Our genome contains three billion letters and it is not easy to modify just one of them, as if it were a word processor. Nevertheless, the efforts of research in recent years have made possible the emergence of genome editing technologies. The most recent one is known as CRISPR/Cas9 and was developed in 2012 by the researchers who have just been awarded the award Nobel Prize at Chemistry.

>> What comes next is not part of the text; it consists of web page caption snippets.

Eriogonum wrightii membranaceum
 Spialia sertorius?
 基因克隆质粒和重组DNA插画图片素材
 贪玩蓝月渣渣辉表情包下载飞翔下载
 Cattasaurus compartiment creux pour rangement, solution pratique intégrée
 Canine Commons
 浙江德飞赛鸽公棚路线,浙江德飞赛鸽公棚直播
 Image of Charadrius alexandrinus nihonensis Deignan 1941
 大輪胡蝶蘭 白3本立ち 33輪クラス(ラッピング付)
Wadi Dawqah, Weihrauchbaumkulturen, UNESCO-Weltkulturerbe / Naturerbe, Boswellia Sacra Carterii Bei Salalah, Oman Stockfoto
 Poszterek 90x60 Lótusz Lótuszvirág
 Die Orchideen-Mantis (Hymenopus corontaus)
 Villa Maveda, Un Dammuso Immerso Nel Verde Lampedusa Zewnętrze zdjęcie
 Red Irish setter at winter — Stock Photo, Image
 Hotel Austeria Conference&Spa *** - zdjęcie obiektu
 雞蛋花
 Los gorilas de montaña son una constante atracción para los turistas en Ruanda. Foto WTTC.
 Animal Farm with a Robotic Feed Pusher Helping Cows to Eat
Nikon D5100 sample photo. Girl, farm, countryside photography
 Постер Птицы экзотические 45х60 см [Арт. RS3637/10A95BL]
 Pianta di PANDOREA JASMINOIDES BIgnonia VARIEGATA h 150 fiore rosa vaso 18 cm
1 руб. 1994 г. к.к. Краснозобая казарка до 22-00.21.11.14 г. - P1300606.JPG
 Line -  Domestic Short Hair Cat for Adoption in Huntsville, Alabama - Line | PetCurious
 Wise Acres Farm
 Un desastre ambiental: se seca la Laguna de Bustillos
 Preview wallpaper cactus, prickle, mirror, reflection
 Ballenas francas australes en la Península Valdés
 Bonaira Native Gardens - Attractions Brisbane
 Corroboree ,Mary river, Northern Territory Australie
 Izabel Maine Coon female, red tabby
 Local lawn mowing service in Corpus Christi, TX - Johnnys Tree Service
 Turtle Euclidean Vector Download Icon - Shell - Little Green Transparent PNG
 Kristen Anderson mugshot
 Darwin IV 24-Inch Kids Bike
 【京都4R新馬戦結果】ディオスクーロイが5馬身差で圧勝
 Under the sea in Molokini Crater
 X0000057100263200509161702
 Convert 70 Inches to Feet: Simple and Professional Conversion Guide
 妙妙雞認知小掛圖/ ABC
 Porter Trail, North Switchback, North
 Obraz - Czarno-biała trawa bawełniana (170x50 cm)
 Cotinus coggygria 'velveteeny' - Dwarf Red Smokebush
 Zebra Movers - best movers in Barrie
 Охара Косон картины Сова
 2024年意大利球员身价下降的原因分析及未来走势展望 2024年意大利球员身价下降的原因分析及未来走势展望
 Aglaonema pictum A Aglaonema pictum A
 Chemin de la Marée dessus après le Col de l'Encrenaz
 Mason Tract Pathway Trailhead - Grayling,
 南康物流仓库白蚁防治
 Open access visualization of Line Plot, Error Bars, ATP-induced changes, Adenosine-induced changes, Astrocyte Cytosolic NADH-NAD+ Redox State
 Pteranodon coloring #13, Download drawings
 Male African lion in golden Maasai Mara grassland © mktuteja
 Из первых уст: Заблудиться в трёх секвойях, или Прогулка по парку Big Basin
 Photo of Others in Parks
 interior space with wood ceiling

CRISPR is a correction technology Genetics that basically consists of two components: a protein and a ribonucleic acid (RNA) molecule. When this complex reaches the interior of the cell, the RNA guide it to the specific place in the genome where it must act; the protein cuts the DNA at that point, leaving two free ends, and then the cell's own repair machinery fuses these ends. If another molecule is also included to serve as a template, during this repair process a letter of the original genome can be changed by another in a very specific way, giving as result the "editing" or correction Genetics.

CRISPR editing Genetics is still in the process of development and optimization, as some of its limitations are being overcome. Among other problems, the machinery does not always cut only at the targeted site, but also elsewhere in the genome. Even so, the research of recent years has significantly improved this technique.

It is not difficult to understand the enormous expectation that CRISPR has caused in the world of biotechnology. Compared to traditional techniques for generating transgenics and genetically modified organisms, CRISPR has quickly established itself as the fastest and most efficient technique for introducing modifications into the genomes of plants and animals. Today, the CRISPR "zoo" includes chickens whose eggs do not cause allergies, sheep or ferrets that reproduce human diseases, mosquitoes unable to transmit malaria; in addition to other applications, of more dubious utility, such as the de-extinction of the Siberian mammoth or the creation of small pigs that are marketed as pets. In biomedicine we have also seen remarkable advances such as the cure of hemophilia or muscular dystrophy in animals at laboratory, paving the way for clinical trials in humans.

Given the enormous expectations created by the rapid development of CRISPR, several international summits have been held since 2015 to discuss in depth the scientific, social, legal and ethical issues involved in editing human genomes. The awarding of this award should help keep the conversation alive about the role of biotechnology in shaping the society we will bequeath to future generations.